Burke spends his time between Missoula, Montana and New Iberia, Louisiana. It was his love of the deep south and the devastation dished out by Hurricane Katrina that spawned his greatest work – The Tin Roof Blows Down – recognised by many as a masterpiece.
Writing in this newspaper, he spoke of the tragedy of the loss of a national treasure. He was also scathing in his criticism of the Bush administration for abandoning the city before and after the floods.
“New Orleans is a tragedy, and not simply because of a hurricane. In the early 1980s, crack cocaine hit the city like a hydrogen bomb. Simultaneously, the Reagan administration cut federal aid to New Orleans by half. The consequence was disaster. The murder rate soared, matching Washington’s. White flight into Jefferson Parish was on a level with the Exodus from Egypt. New Orleans cops not only committed robberies and investigated their own crimes, they actually committed murders – in one instance the execution by a female officer of the witnesses to her crime.
“Two days after the city was flooded, US President George W Bush stated, on television: ‘I don’t think anybody anticipated the breach of the levees.’ The disingenuousness of the statement, or its disconnection from reality, is, to my mind, beyond comprehension.

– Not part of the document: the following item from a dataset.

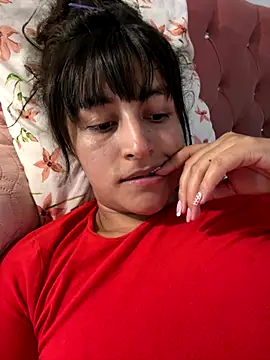 Lady Rey online show from October 27, 2025, 8:32 pm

Burke’s focus has now turned to Montana and the stripping of the forest by avaricious loggers. “Montana is the most beautiful place on the planet. You come here and it’s very hard to leave. But it’s being ruined piece by piece, whether it’s stripping forests or extractive industries poisoning rivers and lakes ... What’s being played out in Montana is the American story. Big corporations against the working man and the environment. The contest is ultimately who will control our natural resources.”
Burke lists George Orwell as among his influences. As long as there’s a battle to be fought, he will continue the work his hero started – to set right the injustices caused by what he called the “bloody hand of the empire at work”.